Schriftlezingen: Exodus 17.3-7; Rom. 5.1-2.5-8 en Joh. 4.5-42

De put en/of de bron.
“Jesus was afgemat bij de bron gaan zitten” zo Johannes 4.6. En in vers 11 staat: “U hebt niet eens een emmer en het is een diepe put”. ‘Put’ of ‘bron’, wat is het? Wij zeggen dat je een bron van inkomsten moet hebben en dat je diep in de put kunt zitten. (Daar is ‘zitten’ trouwens niet aan te bevelen!) Je zou misschien ook kunnen zeggen: Jezus komt uitgeput bij de put en toont zich een bron van levend water. Leuk hè?

Godgeklaagd.
Ze klagen over water, ze klagen dat God niet bij hen is. Het is Godgeklaagd. De lezing begint met fysieke dorst en sluit af met geestelijke dorst. Opent met: “leden hevige dorst” en sluit af met: “Is de Heer nu bij ons of niet?” De fundamentele vraag is niet fysiek maar existentieel. Dorst naar iemand, naar een mens die naast je is, naar menswaardig, zinvol Leven. In onze tijd van eenzaamheid voelen steeds meer mensen deze dorst.
Abel Herzberg werd 100 jaar, en zei: “Ik lijd aan Noachisme – ik voel me net als Noach de enige overlevende op aarde!
Als Jezus op het kruis roept: “Ik heb dorst”, vraagt ʼie dan om zijn lippen met een wattenstaafje te deppen? Of heeft hij een dorst die dieper reikt: Dorst naar God? Waar is God nu? Waar is recht en vrede?

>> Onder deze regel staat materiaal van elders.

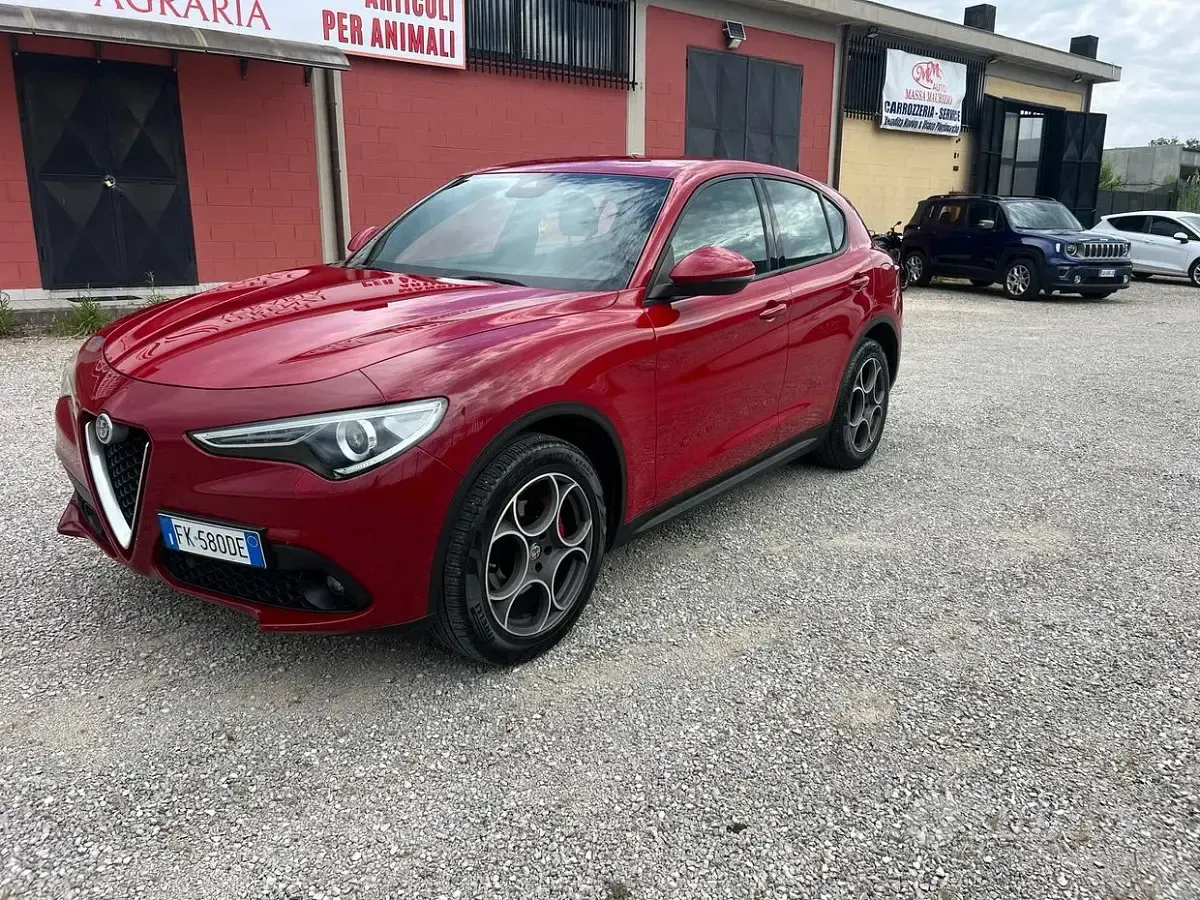 Usata Alfa Romeo Stelvio Business 210 CV (154 kW) 2017 Rosso SUV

Waar is mijn hemelse Vader die levenslang mijn levensbron was?
Iemand zei ooit dat in de concentratiekampen meer mensen stierven omdat ze geen toekomst, geen uitzicht, geen hoop, niets of niemand om in te geloven meer hadden dan dat er stierven omdat ze geen voedsel kregen.